Does anyone have any idea what kind of algae can be? 
It loosens easily and spreads in water.
















Trimis de pe al meu SM-A505FN folosind Tapatalk


----------



## mistergreen (Mar 3, 2007)

could be cyanobacteria


----------



## sgianim (Jan 1, 2018)

The cyanobacteria do not disintegrate in water when you try to remove it. 
Or at least that's what I noticed when I had cyanobacteria.

Trimis de pe al meu SM-A505FN folosind Tapatalk


----------



## mistergreen (Mar 3, 2007)

Blue green algae is a cyano, it doesn't disintegrate.


----------



## Am2020 (Sep 10, 2019)

Would you say that maybe someone is over feeding the tank? Or maybe adding a little extra fertilizers each week?
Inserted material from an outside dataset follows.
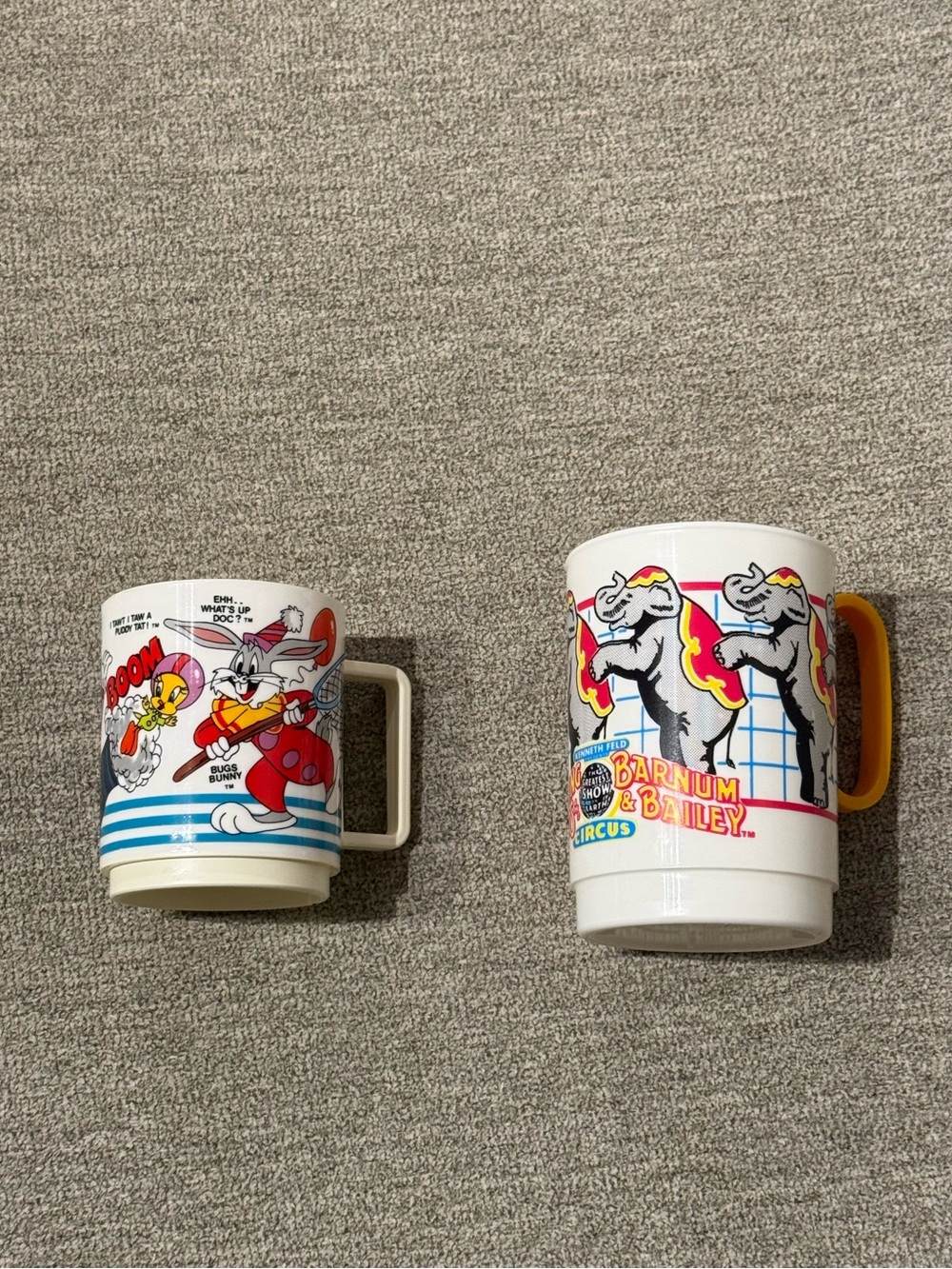 Set Of 2 Vintage Plastic Cups - Barnum & Bailey + Bugs Bunny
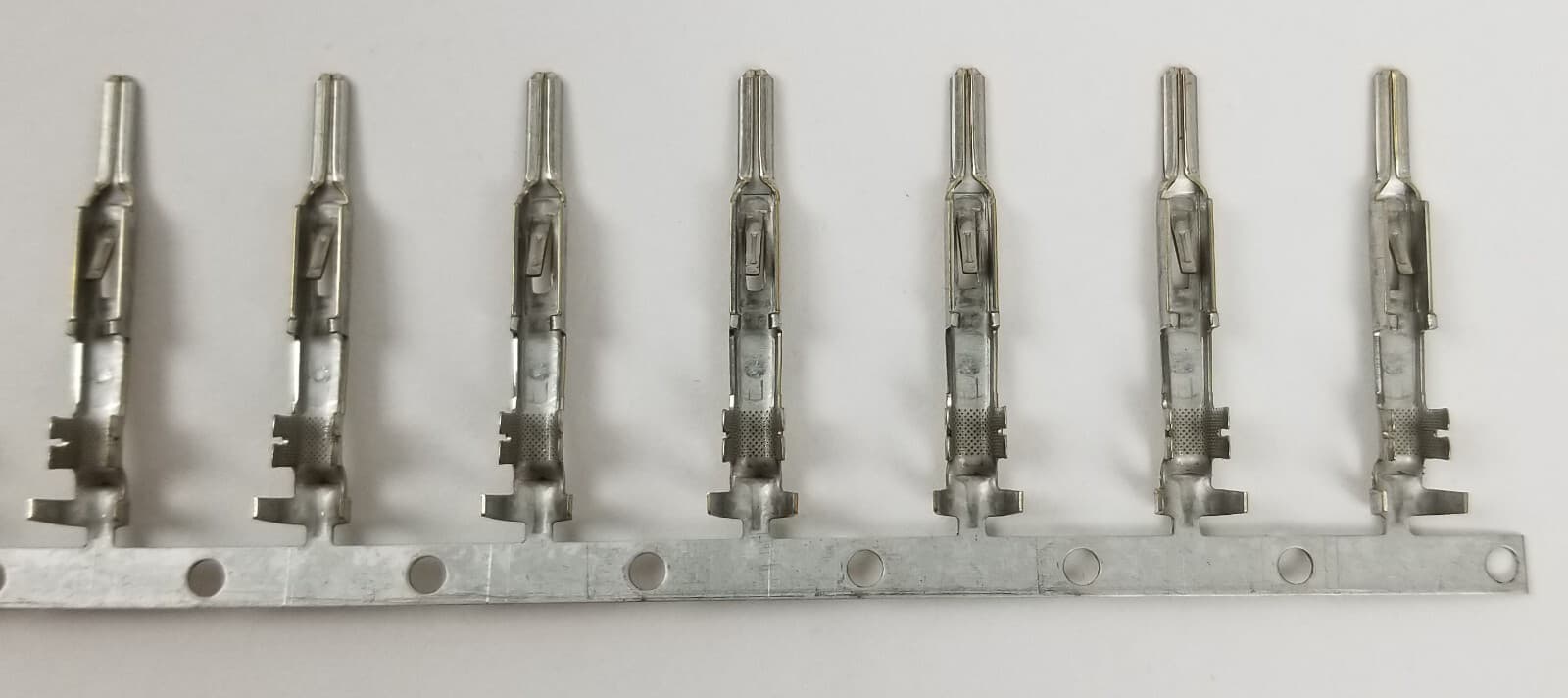 2000 Aptiv Delphi 12048254 Automotive Connector Pins 12-11AWG Crimp Male NEW 2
Most likely a type of cyanobacteria. Some types can grow into thick sheets and some stay super thin and fragile. It's basically half bacteria and half algae. Doesn't matter what type it is exactly. They can all be treated the same way. Reduce over feeding to a bare minimum. The fish will look hungry but shouldn't lose any weight. So don't worry about starving. Just a piece of food no bigger than their eye ball daily. Literally no more than a single bite. This is going to be tough one because we all feel guilty about depriving our fish of food and enjoy seeing them feed. Next make sure your water source is not the cause. Have it tested and post here: ammonia, nitrite, nitrate, pH, phosphate, and anything else your LFS can test for you. If the tap water is less than ideal try using bottles jugs of spring water till things clear up. Keep vacuuming as much waste from the tank as possible. Excess amounts of fish waste can feed this algae. We want to starve out the bad bacteria/algae. The good bacteria will be fine so don't worry about that. Rinse the filters weekly but don't replace them. You want to remove any solid waste before it breaks down but keep the good bacteria alive on the filters. Next biggest cause is too much light. Reduce the lights to 6 hours each day and don't allow them to stay on past dark. The total photo period includes ambient light from the windows and you don't want to extend it. The plants won't grow as much but at least they won't die and melt either. The algae on them is probably doing more harm in stunting their growth at the moment. Each week you should see a huge improvement compared to the last.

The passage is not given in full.